Material for this task Block Start

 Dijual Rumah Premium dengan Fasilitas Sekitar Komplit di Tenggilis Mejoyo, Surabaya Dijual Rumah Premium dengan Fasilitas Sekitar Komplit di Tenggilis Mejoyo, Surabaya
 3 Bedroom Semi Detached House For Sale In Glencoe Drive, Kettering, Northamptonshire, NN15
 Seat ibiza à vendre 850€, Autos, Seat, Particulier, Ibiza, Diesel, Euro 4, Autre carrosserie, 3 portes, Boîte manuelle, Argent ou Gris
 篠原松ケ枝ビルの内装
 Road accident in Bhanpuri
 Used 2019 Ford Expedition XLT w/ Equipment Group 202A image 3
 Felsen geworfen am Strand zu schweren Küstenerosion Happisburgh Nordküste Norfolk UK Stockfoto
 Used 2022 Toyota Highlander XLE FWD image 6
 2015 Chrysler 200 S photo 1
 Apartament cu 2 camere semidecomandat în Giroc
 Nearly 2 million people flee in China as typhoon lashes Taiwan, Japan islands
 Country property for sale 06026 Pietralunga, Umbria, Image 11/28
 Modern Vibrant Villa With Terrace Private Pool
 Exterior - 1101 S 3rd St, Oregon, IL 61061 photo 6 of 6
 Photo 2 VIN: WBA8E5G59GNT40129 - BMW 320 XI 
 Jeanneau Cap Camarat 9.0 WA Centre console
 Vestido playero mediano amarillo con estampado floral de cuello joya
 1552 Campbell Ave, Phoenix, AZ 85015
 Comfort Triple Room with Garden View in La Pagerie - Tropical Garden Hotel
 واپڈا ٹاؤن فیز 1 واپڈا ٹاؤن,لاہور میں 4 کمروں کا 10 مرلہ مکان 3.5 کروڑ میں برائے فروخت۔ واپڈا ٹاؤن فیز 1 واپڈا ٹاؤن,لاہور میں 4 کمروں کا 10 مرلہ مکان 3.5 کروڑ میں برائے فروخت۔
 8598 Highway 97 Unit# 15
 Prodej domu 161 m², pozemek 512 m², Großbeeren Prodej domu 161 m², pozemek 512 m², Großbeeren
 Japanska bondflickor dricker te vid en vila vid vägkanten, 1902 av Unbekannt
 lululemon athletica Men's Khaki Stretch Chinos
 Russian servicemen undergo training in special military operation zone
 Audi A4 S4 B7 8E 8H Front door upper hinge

Material for this task Block End

■ Aim of the task
Every single record must be transcribed exactly as it stands.

■ Result
 Dijual Rumah Premium dengan Fasilitas Sekitar Komplit di Tenggilis Mejoyo, Surabaya Dijual Rumah Premium dengan Fasilitas Sekitar Komplit di Tenggilis Mejoyo, Surabaya
 3 Bedroom Semi Detached House For Sale In Glencoe Drive, Kettering, Northamptonshire, NN15
 Seat ibiza à vendre 850€, Autos, Seat, Particulier, Ibiza, Diesel, Euro 4, Autre carrosserie, 3 portes, Boîte manuelle, Argent ou Gris
 篠原松ケ枝ビルの内装
 Road accident in Bhanpuri
 Used 2019 Ford Expedition XLT w/ Equipment Group 202A image 3
 Felsen geworfen am Strand zu schweren Küstenerosion Happisburgh Nordküste Norfolk UK Stockfoto
 Used 2022 Toyota Highlander XLE FWD image 6
 2015 Chrysler 200 S photo 1
 Apartament cu 2 camere semidecomandat în Giroc
 Nearly 2 million people flee in China as typhoon lashes Taiwan, Japan islands
 Country property for sale 06026 Pietralunga, Umbria, Image 11/28
 Modern Vibrant Villa With Terrace Private Pool
 Exterior - 1101 S 3rd St, Oregon, IL 61061 photo 6 of 6
 Photo 2 VIN: WBA8E5G59GNT40129 - BMW 320 XI 
 Jeanneau Cap Camarat 9.0 WA Centre console
 Vestido playero mediano amarillo con estampado floral de cuello joya
 1552 Campbell Ave, Phoenix, AZ 85015
 Comfort Triple Room with Garden View in La Pagerie - Tropical Garden Hotel
 واپڈا ٹاؤن فیز 1 واپڈا ٹاؤن,لاہور میں 4 کمروں کا 10 مرلہ مکان 3.5 کروڑ میں برائے فروخت۔ واپڈا ٹاؤن فیز 1 واپڈا ٹاؤن,لاہور میں 4 کمروں کا 10 مرلہ مکان 3.5 کروڑ میں برائے فروخت۔
 8598 Highway 97 Unit# 15
 Prodej domu 161 m², pozemek 512 m², Großbeeren Prodej domu 161 m², pozemek 512 m², Großbeeren
 Japanska bondflickor dricker te vid en vila vid vägkanten, 1902 av Unbekannt
 lululemon athletica Men's Khaki Stretch Chinos
 Russian servicemen undergo training in special military operation zone
 Audi A4 S4 B7 8E 8H Front door upper hinge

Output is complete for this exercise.